# Soft Error Mitigation for Deep Convolution Neural Network on FPGA Accelerators

Wenshuo Li<sup>1</sup>, Guangjun Ge<sup>1</sup>, Kaiyuan Guo<sup>1</sup>, Xiaoming Chen<sup>2</sup>, Qi Wei<sup>1</sup>, Zhen Gao<sup>3</sup>, Yu Wang<sup>1</sup>, Huazhong Yang<sup>1</sup>

<sup>1</sup>Department of Electronic Engineering, BNRist, Tsinghua University, Beijing, China

<sup>2</sup>State Key Laboratory of Computer Architecture, Institute of Computing Technology, CAS, Beijing, China

<sup>3</sup>Tianjin International Engineering Institute, Tianjin University, Tianjin, China

<sup>1</sup>e-mail: yu-wang@tsinghua.edu.cn

Abstract-Convolution neural networks (CNNs) have been widely used in many applications. Field-Programmable Gate Array (FPGA) based accelerator is an ideal solution for CNNs in embedded systems. However, the single event upset (SEU) effect in FPGA device may have a significant influence on the performance of CNNs. In this paper, we analyze the sensibility of CNNs to SEU and present a fault-tolerant design for CNN accelerators. First, we find that SEU in processing elements (PEs) has the worst effects on CNNs since it produces proportional errors and will not get refreshed. Furthermore, it is indicated that the large positive perturbation contributes almost all of the performance loss. Based on such observations, we propose an error detecting scheme to locate incorrect PEs and give an error masking method to achieve fault-tolerance. Experiments demonstrate that the proposed method achieves similar faulttolerant performance with the triple modular redundancy (TMR) scheme while the overhead is much lower than it.

# I. INTRODUCTION

Convolution neural networks (CNNs) have been approved to be an excellent solution for various applications. CNNs usually involve massive computations and memory accesses, and thus have high demands on the energy efficiency of the computing platform. FPGA-based CNN accelerators (e.g., [1], [2]) have been widely studied to offer high performance with low power consumption. Moreover, they can be reconfigured to realize a dedicated hardware architecture for a particular CNN.

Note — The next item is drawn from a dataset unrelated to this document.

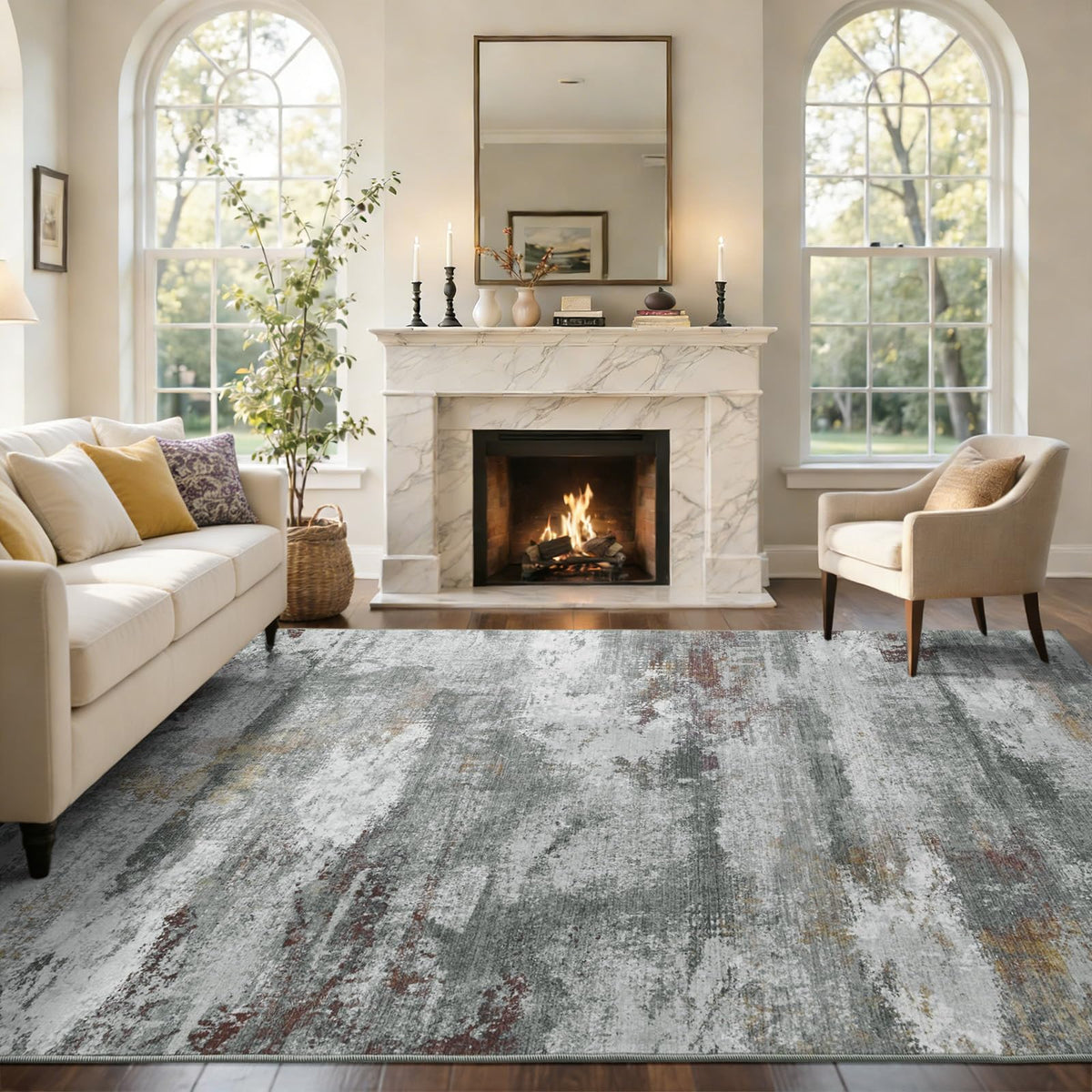 6x9 Ft Abstract Washable Area Rugs for Living Room Blue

In recent years, commercial off-the-shelf (COTS) devices are increasingly utilized in spacecraft due to their high performance [3]. However, it is well-known that particles in the radiation environment can easily cause soft errors like Single Event Upset (SEU), which mainly occurs in the memory and flip-flops and leads to logic flip [4]. These faults may result in severe performance degradation for CNN accelerators. Hence, it is important to study the soft error issue in FPGA-based CNN accelerators in the space environment.

In the literature, there have been many works concerning the reliability of FPGAs. Refs. [5], [6], [7] discuss the optimal Triple Modular Redundancy (TMR) of FPGA critical logic. Besides, several logic resynthesis techniques [8], [9], [10] are proposed to mitigate SEU faults from the view of synthesis tools. Recently, some researches [11], [12], [13] on FPGA-based CNN accelerators are conducted to evaluate the influence of SEUs. However, these works mainly focus on naive neural networks with simple fully-connected layers and concern more about streaming architecture. All of these works have not concentrated on the modern FPGA-based CNN accelerators with instruction-driven architecture (ISA), which has massive parameters and complicated computing units.

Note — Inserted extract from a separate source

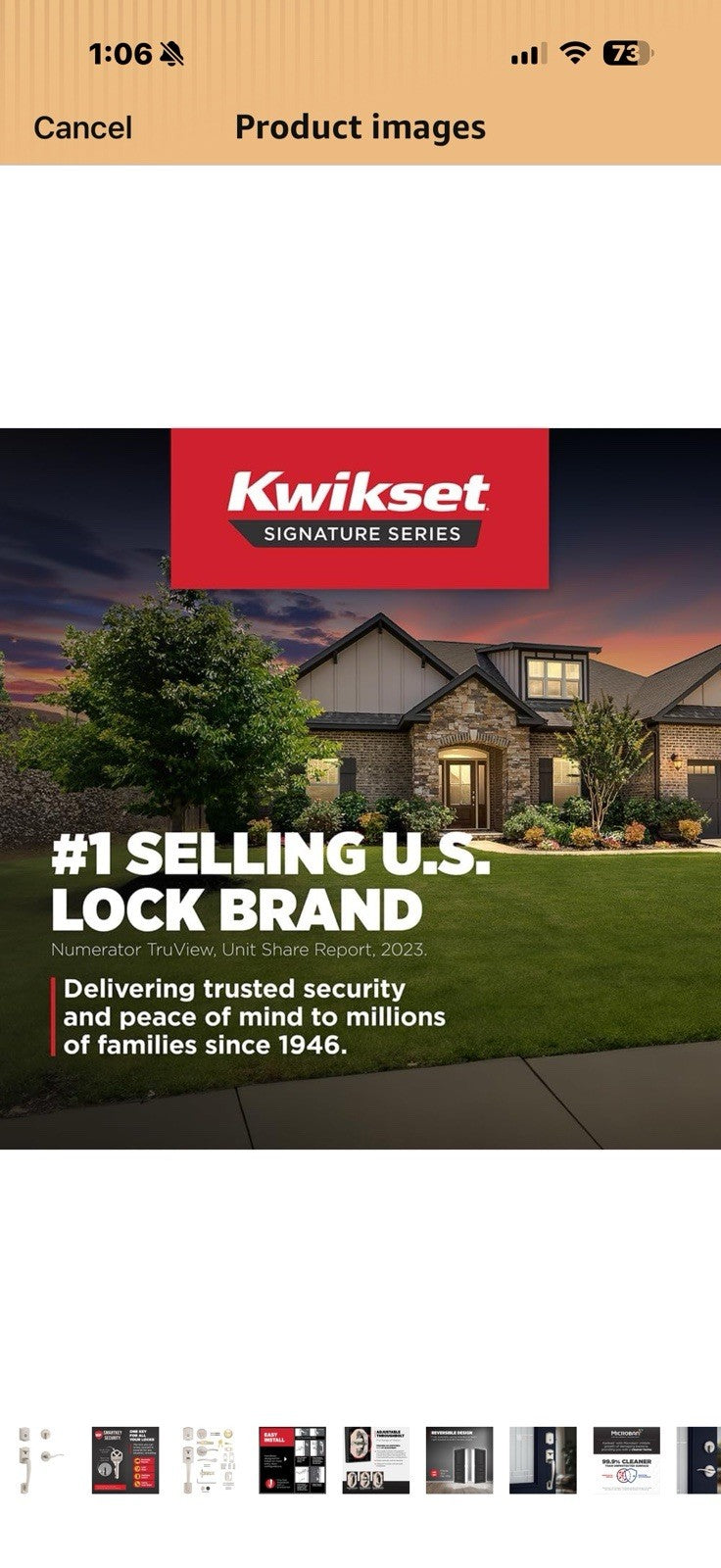 Kwikset Prescott Front Door Lock Handle and Deadbolt Set, Keyed Entry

In this paper, we analyze the SEU faults and propose a novel scheme to detect and eliminate the SEU faults. Our contributions are as follows.

- We give a detailed analysis of the possible faults of processing elements (PEs) and RAMs caused by SEUs. It shows the effects of faults in PEs are more severe than that in data buffers.
- We conduct a software simulation of the influence of bit-flip errors, and find that the errors leading to a large positive perturbation are more critical.
- We propose an error detecting design for PE array by making use of the free cycles of CNN accelerators. We also propose an error masking method to handle faults.
- Our proposed method achieves similar fault-tolerant performance with TMR while the overhead is much lower.

## II. PRELIMINARY

# A. General Fault-tolerant Methods

Triple modular redundancy is a commonly used faulttolerant approach. It triples the protected module and uses a voter to get the majority of votes as the final output. TMR can only mask the faults instead of eliminating them. So scrubbing is generally used to reload parts of the configuration of an FPGA to correct the fault bits. Recently, partial dynamic reconfiguration [6], [14], [7] is widely studied, which could correct fault bits without interrupting the process.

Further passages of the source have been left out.